Therefore, when you get to the second iteration of the for loop, this expression
% I commented this so that it does not run
% y(2)^2 - y(1)*y(3) + M*y(2) - K*y(5) - L*y(6)
is a spurious 1x3 vector. That's why you get a concatenation error.
Change one of those variable names to something else.
L = 0.01;
K = 0.1;
G = 2;
Pr = 2;
s = 0.1;
Ec = 0.01;
m = 0.5;
R = 0.5;
a = 1;
n = 0.5;
xa = 0;
xb = 6;
x = linspace(xa,xb,101);
for M = [0 .1 .2]
for fw = [-1 0 1]/2
ODE = @(x,y)[ y(2); y(3); (y(2)^2 - y(1)*y(3) + M*y(2) - K*y(5) - L*y(6))/(1+K); y(5); (y(2)*y(4) - y(1)*y(5) + K*(2*y(4) + y(3)))/G;
y(7); Pr*( m*y(2)*y(6) - s*y(6) - Ec*y(3)^2 - y(1)*y(7) )/(1+(4/3)*R) ];
BC = @(ya,yb)[ya(1)-fw; ya(2)-1-a*(1+K)*ya(3); ya(4)+n*ya(3); ya(7)-1; yb([2;4;6])];
solinit = bvpinit(x,[0 1 0 1 0 1 0]);
sol = bvp5c(ODE,BC,solinit);
S = deval(sol,x);
set( 0,'DefaultAxesColorOrder',[1 0 0; 0 1 0; 0 0 0] )
figure(11),plot(x,S(2,:),'LineWidth',2);
hold on,
ax = gca;
ax.XColor = 'black';
ax.YColor = 'black';
ax.XAxis.FontSize = 10;
ax.YAxis.FontSize = 10;
ax.FontWeight = 'bold';
xlabel('\bf\eta','Color','blue');
ylabel('\bff^{\prime}(\eta)','Color','blue');
LL(1) = plot(nan,nan,'r-','Linewidth',2);
LL(2) = plot(nan,nan,'g-','Linewidth',2);
LL(3) = plot(nan,nan,'k-','Linewidth',2);
legend(LL,{'\color{red}\bffw = - 0.5','\color{green}\bffw = 0','\color{black}\bffw = 0.5'},'Box','off');
end
end
  댓글 수: 2
Adam Danz
Adam Danz 2021년 9월 17일
편집: Adam Danz 2021년 9월 17일
I've moved by duplilcate answer here since the cyclist and I answered nearly at the same time and we both came to the same conclusion.

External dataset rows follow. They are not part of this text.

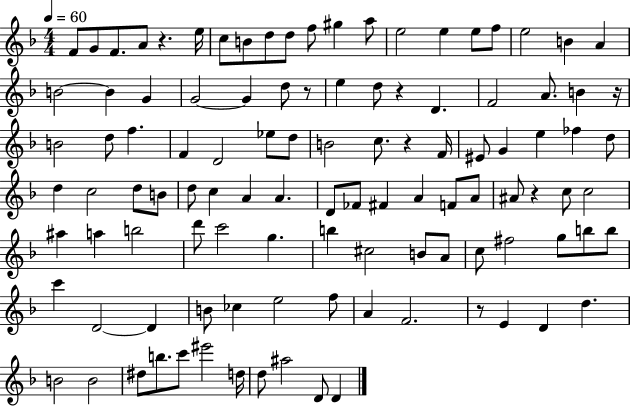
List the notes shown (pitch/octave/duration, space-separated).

F4/e G4/e F4/e. A4/e R/q. E5/s C5/e B4/e D5/e D5/e F5/e G#5/q A5/e E5/h E5/q E5/e F5/e E5/h B4/q A4/q B4/h B4/q G4/q G4/h G4/q D5/e R/e E5/q D5/e R/q D4/q. F4/h A4/e. B4/q R/s B4/h D5/e F5/q. F4/q D4/h Eb5/e D5/e B4/h C5/e. R/q F4/s EIS4/e G4/q E5/q FES5/q D5/e D5/q C5/h D5/e B4/e D5/e C5/q A4/q A4/q. D4/e FES4/e F#4/q A4/q F4/e A4/e A#4/e R/q C5/e C5/h A#5/q A5/q B5/h D6/e C6/h G5/q. B5/q C#5/h B4/e A4/e C5/e F#5/h G5/e B5/e B5/e C6/q D4/h D4/q B4/e CES5/q E5/h F5/e A4/q F4/h. R/e E4/q D4/q D5/q. B4/h B4/h D#5/e B5/e. C6/e EIS6/h D5/s D5/e A#5/h D4/e D4/q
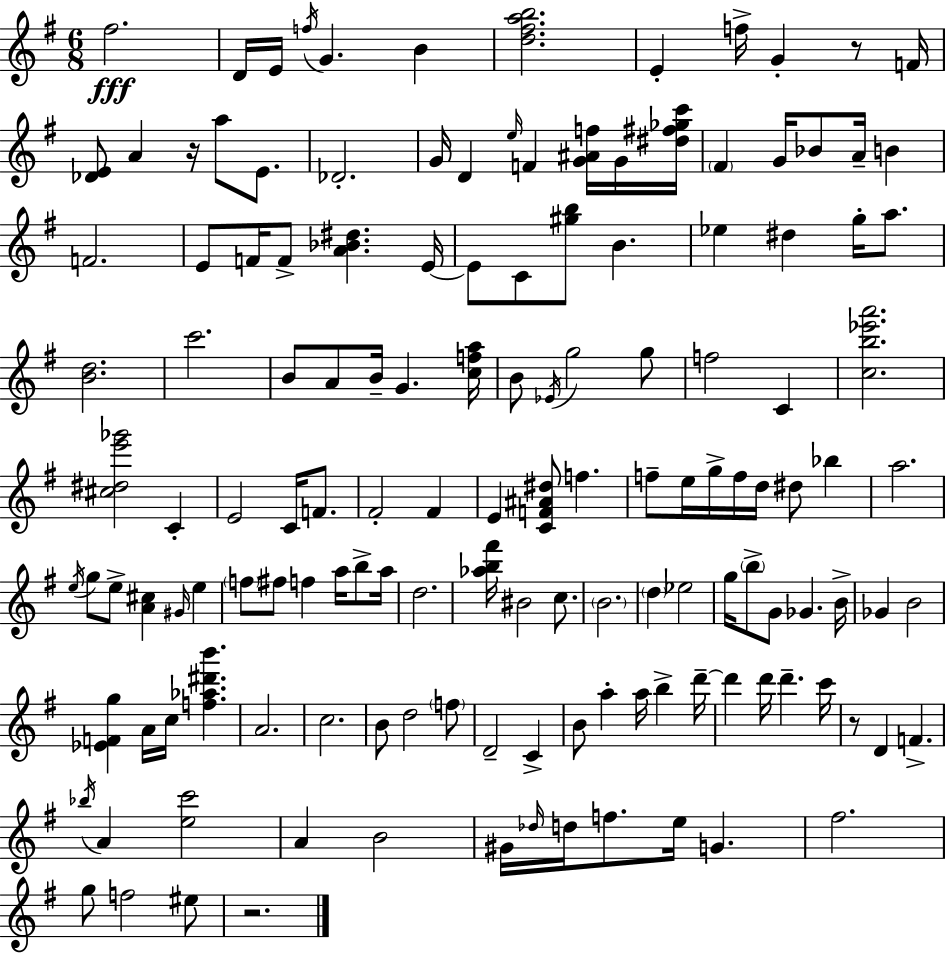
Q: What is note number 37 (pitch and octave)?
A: C6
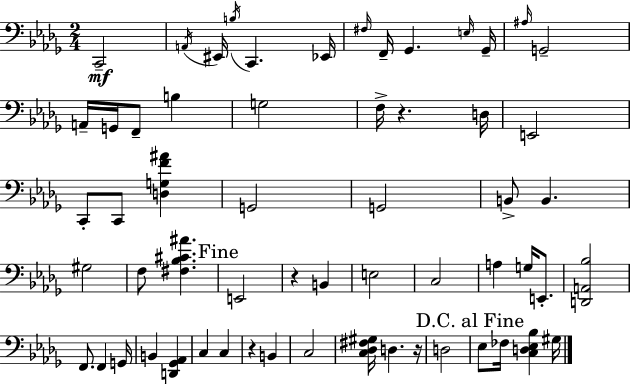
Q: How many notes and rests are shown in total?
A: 59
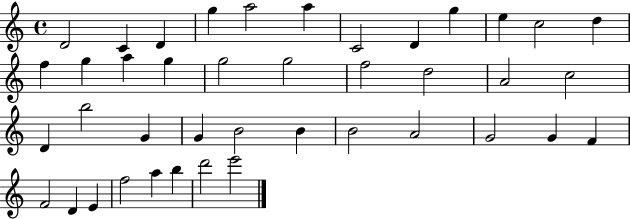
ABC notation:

X:1
T:Untitled
M:4/4
L:1/4
K:C
D2 C D g a2 a C2 D g e c2 d f g a g g2 g2 f2 d2 A2 c2 D b2 G G B2 B B2 A2 G2 G F F2 D E f2 a b d'2 e'2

The error occurs because you are overwriting the variable L defined in the first line of your code. Your 3 plot() commands are storing the output handles in a variable named L which overwrites L with a 1x3 vector. Then in the ODE() function, the vertical concatenation throws an error because it expects L to be a scalar value.
Solution:
Rename the 3 plot() outputs and rename the first input to your legend() funciton.
This problem may have been avoided by writing cleaner code where each statement gets its own line.
MINATI PATRA
MINATI PATRA 2021년 9월 18일
@
the cyclist
It was a huge mistake (how can I do that), Thanks for correcting.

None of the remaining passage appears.